START Task material

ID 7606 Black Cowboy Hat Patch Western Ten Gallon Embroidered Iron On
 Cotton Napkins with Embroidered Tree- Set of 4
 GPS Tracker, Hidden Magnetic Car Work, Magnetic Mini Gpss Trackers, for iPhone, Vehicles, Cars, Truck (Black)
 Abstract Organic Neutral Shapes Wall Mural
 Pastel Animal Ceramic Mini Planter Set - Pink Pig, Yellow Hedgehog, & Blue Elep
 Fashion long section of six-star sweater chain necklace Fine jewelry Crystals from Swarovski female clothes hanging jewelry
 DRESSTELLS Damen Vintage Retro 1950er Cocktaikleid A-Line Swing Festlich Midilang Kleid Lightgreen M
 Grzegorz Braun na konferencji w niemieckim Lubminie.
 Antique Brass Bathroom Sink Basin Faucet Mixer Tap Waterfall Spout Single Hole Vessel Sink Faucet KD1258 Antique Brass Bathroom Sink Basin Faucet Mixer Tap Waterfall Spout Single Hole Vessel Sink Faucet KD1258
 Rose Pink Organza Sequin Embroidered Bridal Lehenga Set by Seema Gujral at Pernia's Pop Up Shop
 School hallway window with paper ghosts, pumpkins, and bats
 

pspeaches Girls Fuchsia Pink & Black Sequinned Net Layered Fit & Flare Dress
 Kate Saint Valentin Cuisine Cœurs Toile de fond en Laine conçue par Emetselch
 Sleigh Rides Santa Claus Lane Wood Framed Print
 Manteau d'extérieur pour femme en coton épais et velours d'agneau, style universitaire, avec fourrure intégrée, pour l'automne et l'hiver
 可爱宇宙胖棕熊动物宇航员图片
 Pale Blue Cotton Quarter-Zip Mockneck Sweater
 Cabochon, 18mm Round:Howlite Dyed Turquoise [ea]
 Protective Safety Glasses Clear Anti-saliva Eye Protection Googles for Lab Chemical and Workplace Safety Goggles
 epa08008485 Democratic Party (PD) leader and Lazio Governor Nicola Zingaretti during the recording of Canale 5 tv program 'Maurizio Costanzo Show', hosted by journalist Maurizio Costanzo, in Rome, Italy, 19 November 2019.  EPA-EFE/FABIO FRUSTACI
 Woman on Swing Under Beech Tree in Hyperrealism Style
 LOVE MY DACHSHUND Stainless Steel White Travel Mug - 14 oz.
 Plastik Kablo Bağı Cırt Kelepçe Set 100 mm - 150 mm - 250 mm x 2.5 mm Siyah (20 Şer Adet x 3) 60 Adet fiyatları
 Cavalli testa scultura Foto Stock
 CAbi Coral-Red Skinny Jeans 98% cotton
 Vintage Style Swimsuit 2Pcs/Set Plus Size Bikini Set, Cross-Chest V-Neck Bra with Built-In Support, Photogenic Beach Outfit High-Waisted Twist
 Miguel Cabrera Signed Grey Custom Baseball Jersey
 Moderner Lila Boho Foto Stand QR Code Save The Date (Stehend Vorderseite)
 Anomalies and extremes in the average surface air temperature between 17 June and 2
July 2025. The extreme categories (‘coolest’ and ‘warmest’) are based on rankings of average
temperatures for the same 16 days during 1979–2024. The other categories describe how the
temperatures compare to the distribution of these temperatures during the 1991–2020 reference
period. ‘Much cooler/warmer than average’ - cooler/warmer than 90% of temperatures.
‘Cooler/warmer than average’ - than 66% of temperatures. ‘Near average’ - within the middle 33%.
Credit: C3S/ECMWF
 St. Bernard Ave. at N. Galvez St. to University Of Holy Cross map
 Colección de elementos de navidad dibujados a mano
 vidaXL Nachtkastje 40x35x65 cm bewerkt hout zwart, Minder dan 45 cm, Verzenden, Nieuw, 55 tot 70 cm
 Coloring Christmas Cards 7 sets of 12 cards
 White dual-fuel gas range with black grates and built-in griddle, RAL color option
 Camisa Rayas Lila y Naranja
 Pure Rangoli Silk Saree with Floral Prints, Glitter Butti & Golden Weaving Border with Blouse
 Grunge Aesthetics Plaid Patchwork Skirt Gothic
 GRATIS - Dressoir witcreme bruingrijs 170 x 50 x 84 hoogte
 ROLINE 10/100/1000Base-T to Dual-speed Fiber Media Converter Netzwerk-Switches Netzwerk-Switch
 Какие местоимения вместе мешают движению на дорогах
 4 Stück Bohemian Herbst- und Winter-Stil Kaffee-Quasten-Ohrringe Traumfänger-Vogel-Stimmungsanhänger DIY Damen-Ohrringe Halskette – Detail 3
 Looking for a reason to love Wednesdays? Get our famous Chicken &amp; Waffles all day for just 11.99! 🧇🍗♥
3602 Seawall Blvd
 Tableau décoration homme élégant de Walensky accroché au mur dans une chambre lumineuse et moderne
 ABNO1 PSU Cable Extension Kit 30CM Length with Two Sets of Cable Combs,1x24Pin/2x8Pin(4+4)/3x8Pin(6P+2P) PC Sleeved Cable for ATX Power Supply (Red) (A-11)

END Task material

## Assignment
In the records above, find the line with "LOVE MY DACHSHUND"; write out exactly that line and each one after it, stopping after the line with "July 2025. The".

## Solved exercise
 LOVE MY DACHSHUND Stainless Steel White Travel Mug - 14 oz.
 Plastik Kablo Bağı Cırt Kelepçe Set 100 mm - 150 mm - 250 mm x 2.5 mm Siyah (20 Şer Adet x 3) 60 Adet fiyatları
 Cavalli testa scultura Foto Stock
 CAbi Coral-Red Skinny Jeans 98% cotton
 Vintage Style Swimsuit 2Pcs/Set Plus Size Bikini Set, Cross-Chest V-Neck Bra with Built-In Support, Photogenic Beach Outfit High-Waisted Twist
 Miguel Cabrera Signed Grey Custom Baseball Jersey
 Moderner Lila Boho Foto Stand QR Code Save The Date (Stehend Vorderseite)
 Anomalies and extremes in the average surface air temperature between 17 June and 2
July 2025. The extreme categories (‘coolest’ and ‘warmest’) are based on rankings of average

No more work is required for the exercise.